United States v. Wilkins/Opinion of the Court
This case comes up from the Circuit Court of Kentucky, upon a division of opinion of the Judges upon certain questions stated in the record.
It appears from the record, that the defendant, on the 3d of July, 1801, entered into certain articles of agreement with the Secretary at War, for supplying the troops of the United States with provisions, at certain places enumerated in the contract. Among other things, the articles provide, that the contractor should receive, 'for every complete ration issued at the Chickasaw Bluffs, at Nashville, at Bear Creek, on the Tennessee, or at any place on the road between Nashville and Bear Creek, fourteen cents;' and, 'for every complete ration issued at any place in the Chickasw or Chocktaw country, on the road between Bear Creek and Natchez, eighteen cents and one half cent;' and that, 'should any rations be required at any places or within any other Districts not specified in this contract, the price of the same shall be hereafter agreed on betwixt the public and the contractor.'
At the time the contract was entered into, the road from Nashville to Natchez crossed the Tennessee river at the mouth of Bear Creek, which empties into Tennessee river on the southwest side. After the date of the contract, a new road from Nashville to Natchez, passing through the Chickasaw and Chocktaw country, was cut by the United States troops, which crossed the Tennessee river about twelve or fourteen miles above the mouth of Bear Creek, and about ten miles further from Nashville. During the continuance of the contract, a cantonment was established on the southwest side of the river Tennessee, at the crossing point of the new road, and in the Chickasaw county. At this cantonment certain rations were issued by the defendant, for which he claimed the contract price of eighteen and a half cents a ration, as rations issued in the Chickasaw country. This claim was disallowed by the Treasury Department, and constitutes the first and second items of an account presented to the Treasury, and referred to in the first question as the paper marked C. The remaining item of the same account, which was disallowed by the Treasury, was for certain rations deposited at Fort Deposit, for which the defendant claimed, also, the contract price of eighteen and a half cents a ration, as rations issued in the Chocktaw country. At the time the contract was made, Fort Deposit was considered within the Chocktaw boundary; but at the treaty afterwards held at Fort Adams, it was discovered, that an old boundary line existed between the French and the Chocktaws, which was the line adopted by that treaty, and excluded Fort Deposit from the Chocktaw country. There is another account annexed to the record marked D., consisting of certain claims of the defendant against the United States, which were presented to and disallowed by the Treasury Department. Upon these claims it is unnecessary to say more, than that this Court entirely concurs in the opinion of the Treasury Department.
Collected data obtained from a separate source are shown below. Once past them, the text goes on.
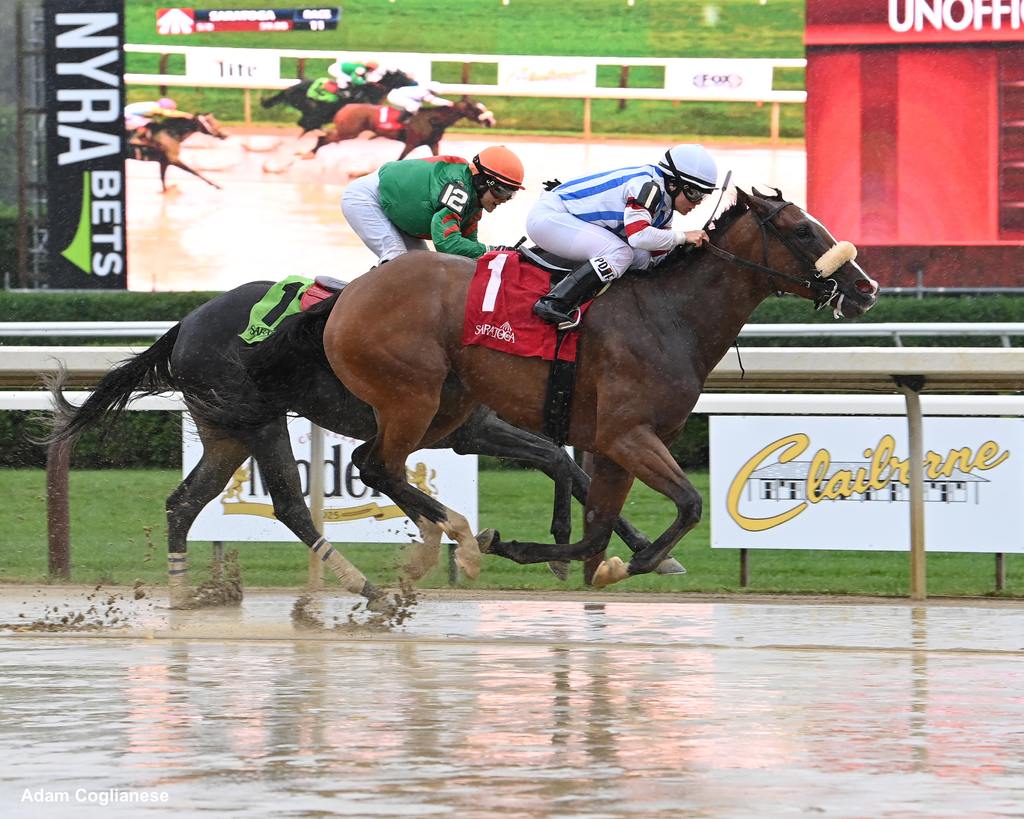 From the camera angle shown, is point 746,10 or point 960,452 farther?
point 746,10

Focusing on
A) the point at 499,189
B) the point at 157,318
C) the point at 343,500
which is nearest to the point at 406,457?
the point at 499,189

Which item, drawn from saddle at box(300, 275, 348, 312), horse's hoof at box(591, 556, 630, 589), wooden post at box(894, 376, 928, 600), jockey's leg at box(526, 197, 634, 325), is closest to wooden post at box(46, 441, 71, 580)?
saddle at box(300, 275, 348, 312)

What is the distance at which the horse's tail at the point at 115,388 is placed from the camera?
7.30 metres

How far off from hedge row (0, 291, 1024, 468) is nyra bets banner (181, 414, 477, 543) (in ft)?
13.0

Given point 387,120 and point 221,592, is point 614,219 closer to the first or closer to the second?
point 221,592

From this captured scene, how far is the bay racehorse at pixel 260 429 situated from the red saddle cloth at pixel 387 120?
11.4 meters

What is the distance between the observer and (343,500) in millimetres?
8273

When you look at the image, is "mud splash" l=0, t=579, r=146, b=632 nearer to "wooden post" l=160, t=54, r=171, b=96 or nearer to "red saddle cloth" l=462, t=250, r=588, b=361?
"red saddle cloth" l=462, t=250, r=588, b=361

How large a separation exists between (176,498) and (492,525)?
329 cm

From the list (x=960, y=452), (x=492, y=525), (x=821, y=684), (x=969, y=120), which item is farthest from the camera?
(x=969, y=120)

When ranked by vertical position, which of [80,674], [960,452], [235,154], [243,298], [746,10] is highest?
[746,10]

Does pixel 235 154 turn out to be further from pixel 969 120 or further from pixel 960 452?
pixel 960 452

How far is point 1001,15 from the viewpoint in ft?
56.9

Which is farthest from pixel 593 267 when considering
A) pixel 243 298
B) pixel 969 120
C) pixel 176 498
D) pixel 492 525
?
pixel 969 120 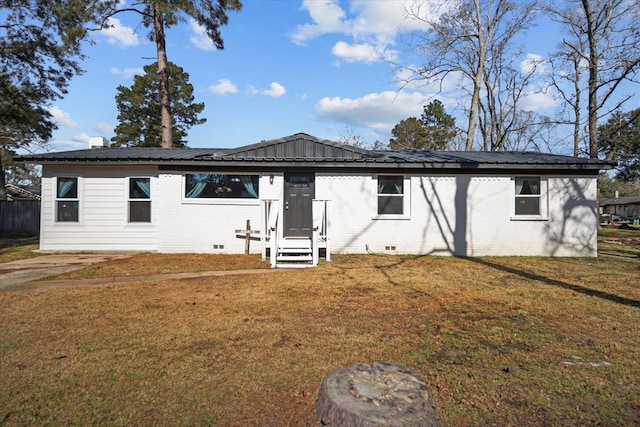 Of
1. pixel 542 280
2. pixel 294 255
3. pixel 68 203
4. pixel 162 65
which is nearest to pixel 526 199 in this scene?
pixel 542 280

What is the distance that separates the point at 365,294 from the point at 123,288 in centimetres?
413

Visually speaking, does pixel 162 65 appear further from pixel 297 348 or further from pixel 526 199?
pixel 297 348

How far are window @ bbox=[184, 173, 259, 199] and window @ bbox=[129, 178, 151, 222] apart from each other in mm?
1270

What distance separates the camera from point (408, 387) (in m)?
2.21

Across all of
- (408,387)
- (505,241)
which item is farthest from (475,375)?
(505,241)

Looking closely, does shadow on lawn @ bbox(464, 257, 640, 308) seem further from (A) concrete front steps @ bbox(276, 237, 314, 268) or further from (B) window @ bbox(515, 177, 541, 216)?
(A) concrete front steps @ bbox(276, 237, 314, 268)

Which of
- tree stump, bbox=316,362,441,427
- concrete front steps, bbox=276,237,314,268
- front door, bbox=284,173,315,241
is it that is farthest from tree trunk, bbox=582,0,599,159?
tree stump, bbox=316,362,441,427

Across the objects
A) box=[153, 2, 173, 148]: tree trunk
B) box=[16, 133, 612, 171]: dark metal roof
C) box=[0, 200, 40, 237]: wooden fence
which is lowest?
box=[0, 200, 40, 237]: wooden fence

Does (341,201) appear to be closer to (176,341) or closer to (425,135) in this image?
(176,341)

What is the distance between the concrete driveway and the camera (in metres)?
6.60

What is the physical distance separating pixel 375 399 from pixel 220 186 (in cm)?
888

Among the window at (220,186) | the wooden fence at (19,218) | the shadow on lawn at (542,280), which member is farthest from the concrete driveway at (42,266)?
the wooden fence at (19,218)

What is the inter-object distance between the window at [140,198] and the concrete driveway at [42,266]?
4.03 ft

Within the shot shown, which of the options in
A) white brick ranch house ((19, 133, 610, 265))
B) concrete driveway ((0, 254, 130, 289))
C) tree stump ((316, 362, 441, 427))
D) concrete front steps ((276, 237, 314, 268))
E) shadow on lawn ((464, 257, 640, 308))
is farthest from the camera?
white brick ranch house ((19, 133, 610, 265))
The first question, then, is, whether the defendant is entitled to any or all of the items disallowed by the Treasury Department in the account C. It is contended on behalf of the United States, that the two first items for rations issued and deposited at the cantonment on the new road on Bear Creek, were within that part of the contract providing for rations issued 'at any place on the road between Nashville and Bear Creek,' for which the defendant was entitled to the contract price of fourteen cents only; and that this sum had been allowed therefor at the Treasury. On the other hand, the defendant's counsel pretends, as has been already stated, that this cantonment was within the Chickasaw country, and that the phrase, 'Bear Creek on the Tennessee,' in the contract, means the mouth of Bear Creek, on the Tennessee; so that the defendant is entitled to the contract price of eighteen and a half cents.
We are, however, of opinion, on this point, that the contract must necessarily be presumed to refer to the actual state of things at the time of its inception, inasmuch as there is nothing in it which shows that the parties had in contemplation any prospective changes. The phrase, 'Bear Creek, on the Tennessee,' seems to be an unusual description of the junction a creek with a river; but in its connection with the context, we are unable to give it any other rational interpretation. And if this were even doubtful, we are of opinion, that the road between Nashville and Bear Creek, spoken of in the contract, is the road then in existence and use between those places, and cannot, in the absence of all evidence of intention, be construed to mean a new road not then laid out or made, nor shown to be in the contemplation of the parties. The rations then issued and deposited at the cantonment on the new road, were not provided for in the contract at a specific price; not at the price of fourteen cents, for they were not issued at any place on the old road between Nashville and Bear Creek, described in the contract; and not the price of eighteen and a half cents, for it was not sufficient that the cantonment should be in the Chickasaw and Chocktaw country, but it must also be on the road between Bear Creek and Natchez existing at the time of the contract. The case, then, falls precisely within that clause of the articles of agreement, that provides, that the price of rations delivered at any other places not specified, shall be thereafter agreed on betwixt the public and the contractor; and this is the construction originally adopted by the Government itself.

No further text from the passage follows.